> [REQUIRED ACTION]: Pictures aside, reproduce exactly each line from the one holding "RENAULT CAPTUR techno mild hybrid 140" through the last line of the material, both ends included.

> [EXERCISE INPUTS]:
────────────────

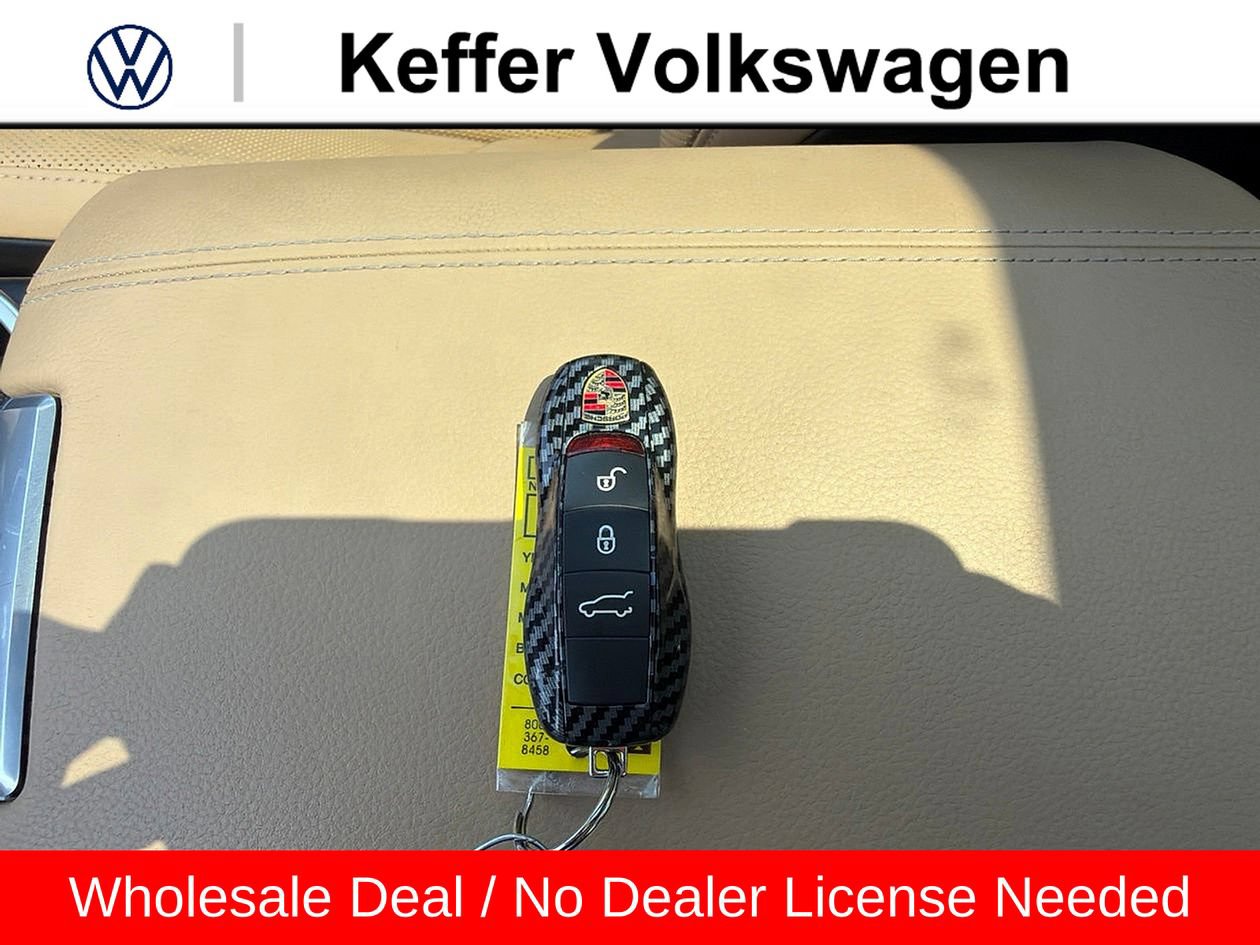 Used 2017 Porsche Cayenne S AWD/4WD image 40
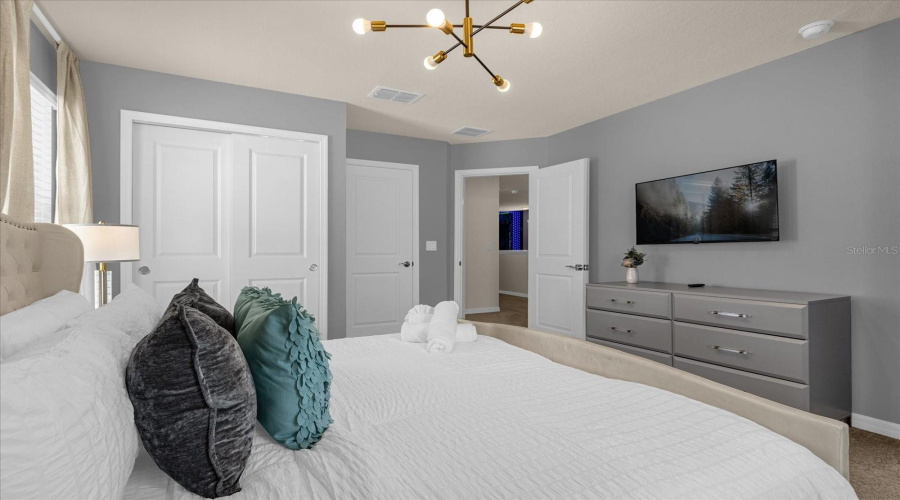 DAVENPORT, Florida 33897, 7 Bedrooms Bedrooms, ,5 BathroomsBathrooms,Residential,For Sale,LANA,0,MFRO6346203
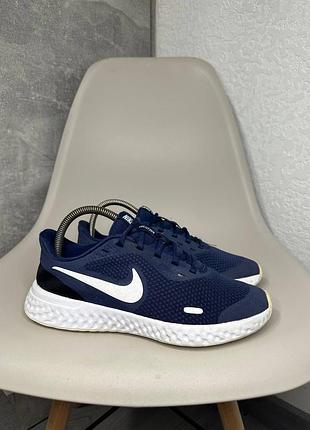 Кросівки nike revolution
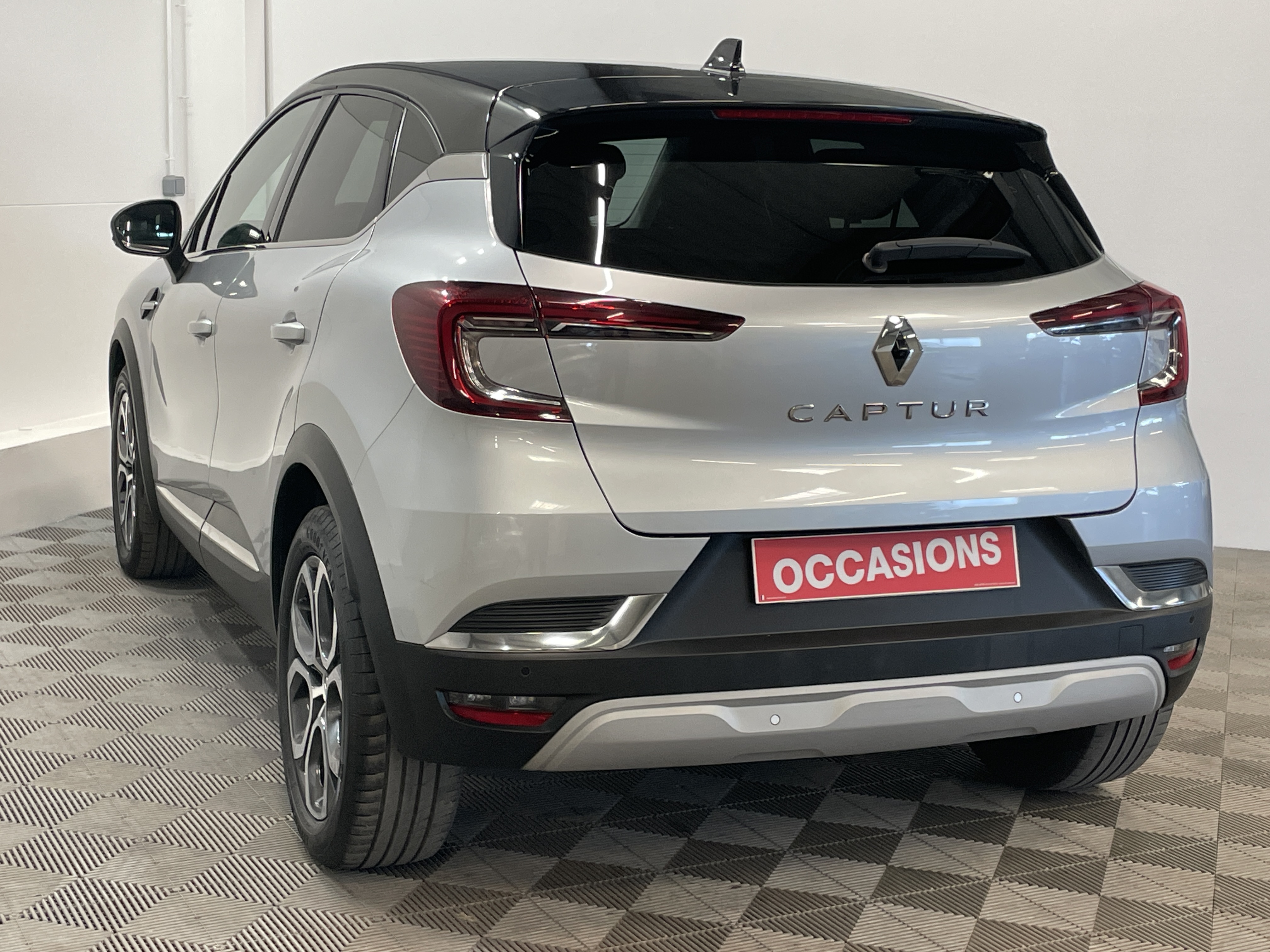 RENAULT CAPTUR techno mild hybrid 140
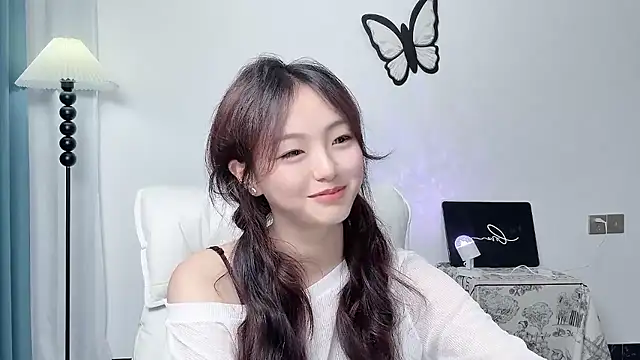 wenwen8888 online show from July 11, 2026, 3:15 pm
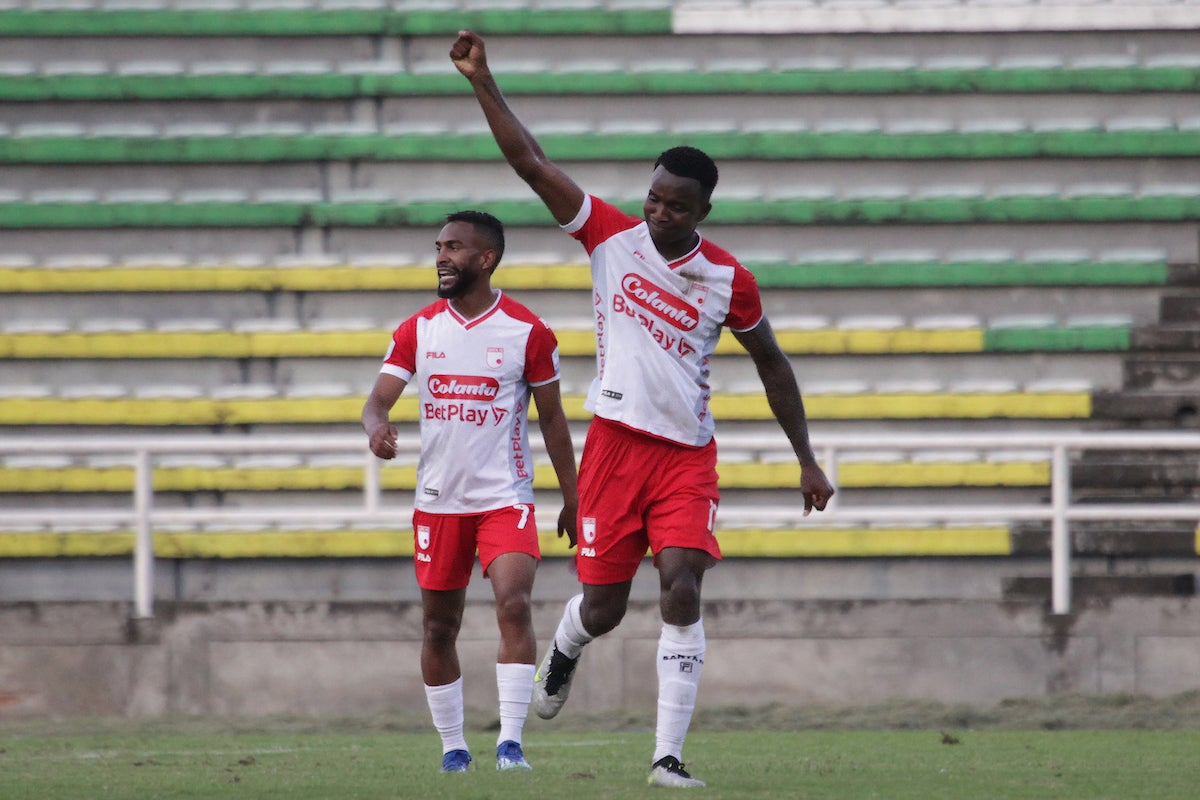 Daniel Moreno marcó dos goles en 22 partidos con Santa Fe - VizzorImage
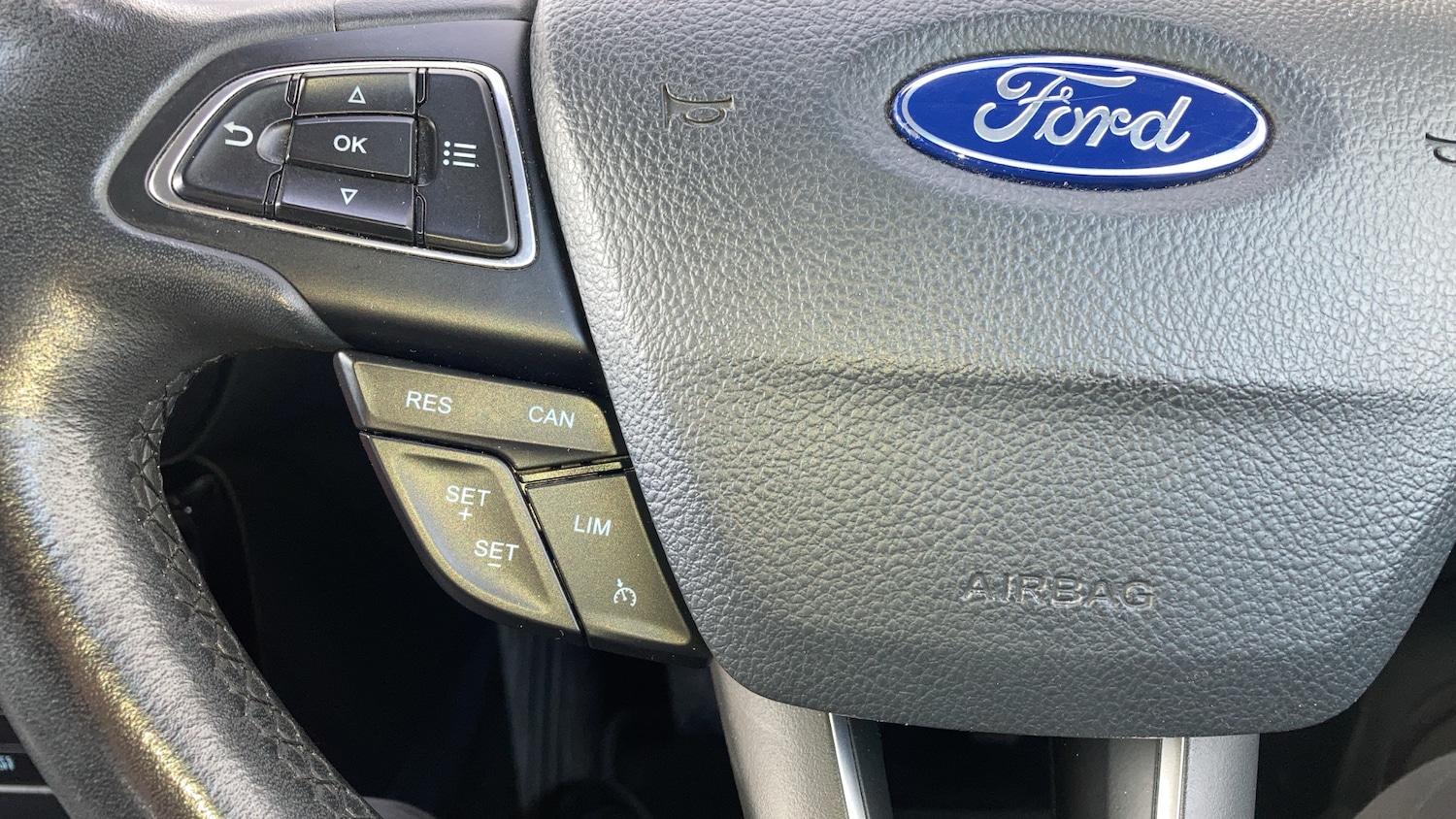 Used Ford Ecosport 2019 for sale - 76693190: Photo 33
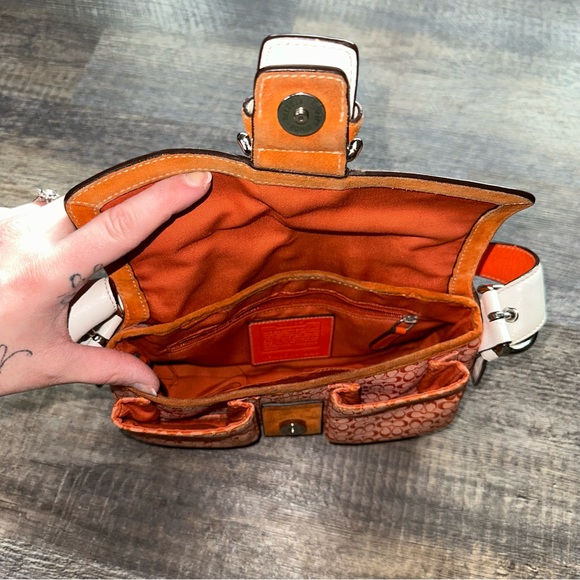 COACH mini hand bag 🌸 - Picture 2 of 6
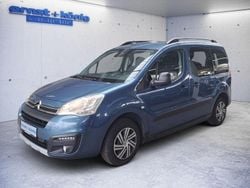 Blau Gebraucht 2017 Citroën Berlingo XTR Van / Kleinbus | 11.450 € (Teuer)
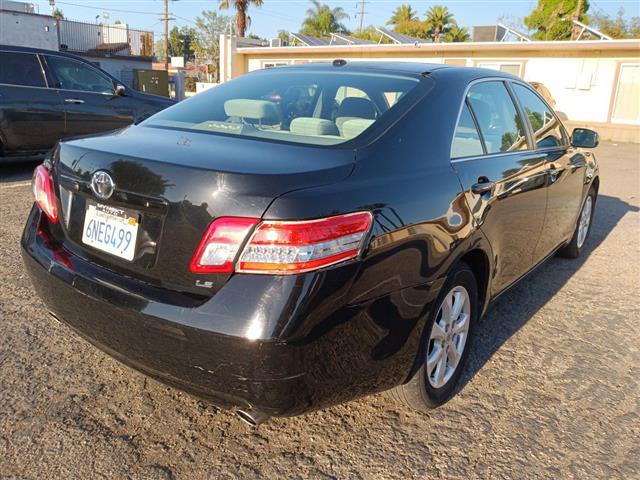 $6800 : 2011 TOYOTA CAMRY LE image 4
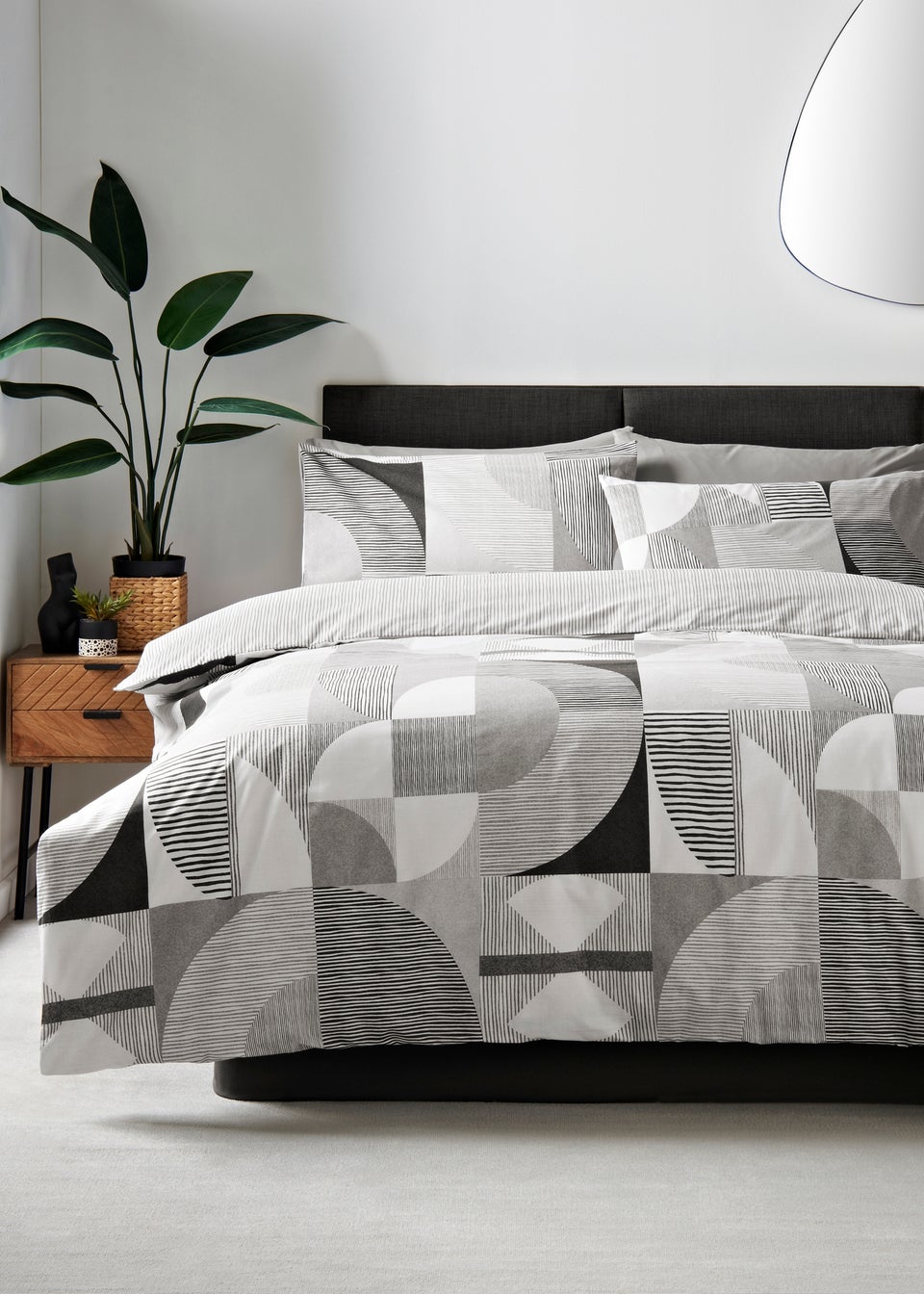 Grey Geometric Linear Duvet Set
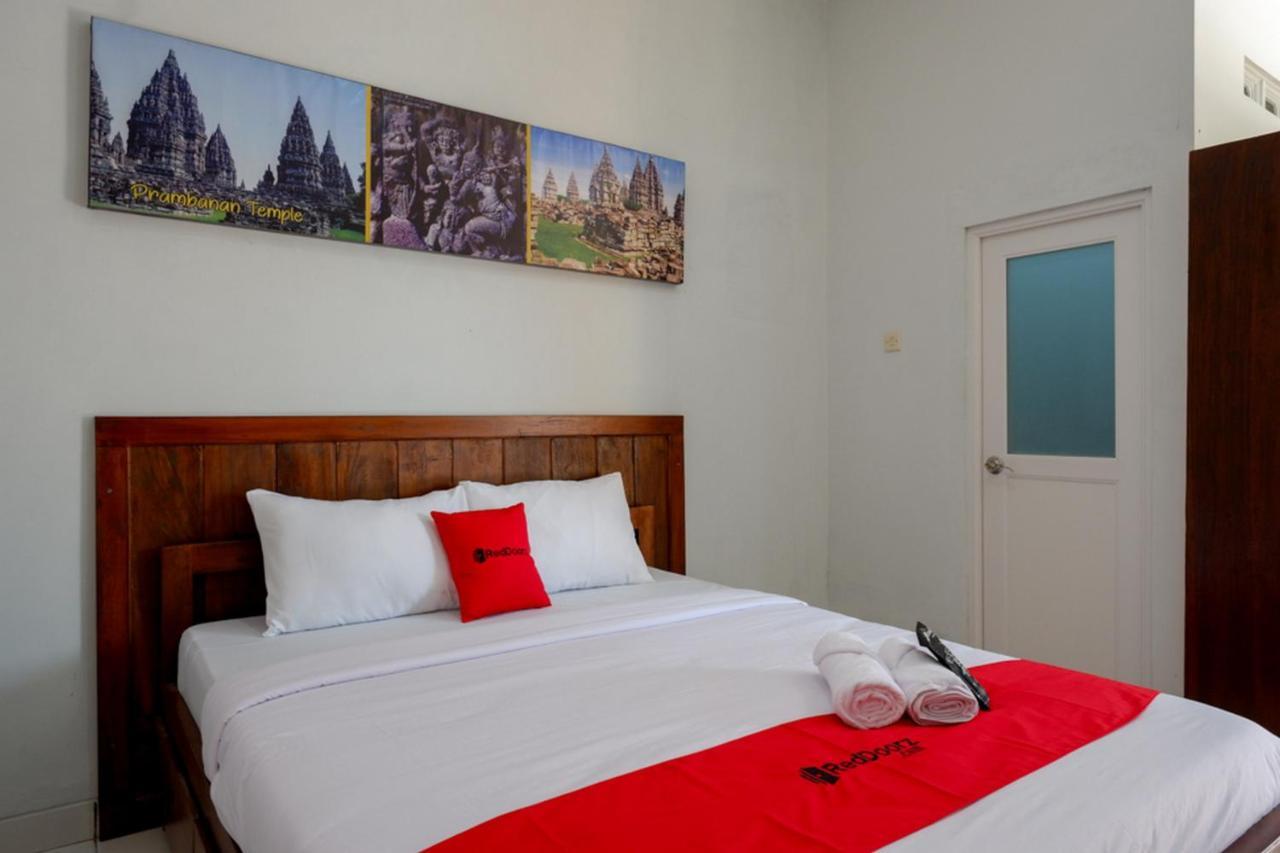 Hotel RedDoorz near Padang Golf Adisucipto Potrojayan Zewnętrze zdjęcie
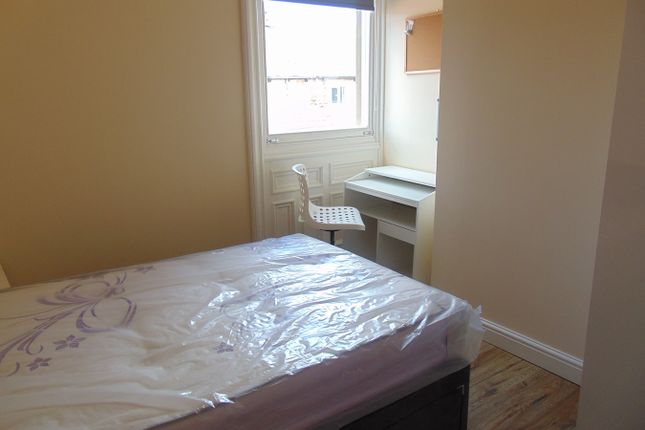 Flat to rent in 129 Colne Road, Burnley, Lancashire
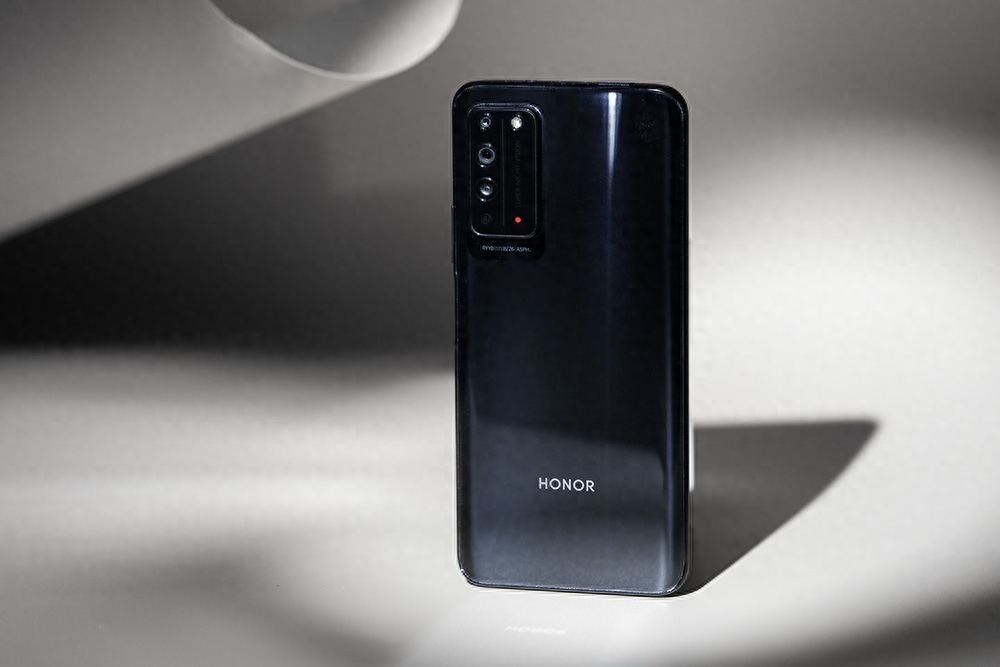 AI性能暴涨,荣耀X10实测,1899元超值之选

────────────────

> [EXERCISE RESULT]:
 RENAULT CAPTUR techno mild hybrid 140
 wenwen8888 online show from July 11, 2026, 3:15 pm
 Daniel Moreno marcó dos goles en 22 partidos con Santa Fe - VizzorImage
 Used Ford Ecosport 2019 for sale - 76693190: Photo 33
 COACH mini hand bag 🌸 - Picture 2 of 6
 Blau Gebraucht 2017 Citroën Berlingo XTR Van / Kleinbus | 11.450 € (Teuer)
 $6800 : 2011 TOYOTA CAMRY LE image 4
 Grey Geometric Linear Duvet Set
 Hotel RedDoorz near Padang Golf Adisucipto Potrojayan Zewnętrze zdjęcie
 Flat to rent in 129 Colne Road, Burnley, Lancashire
 AI性能暴涨,荣耀X10实测,1899元超值之选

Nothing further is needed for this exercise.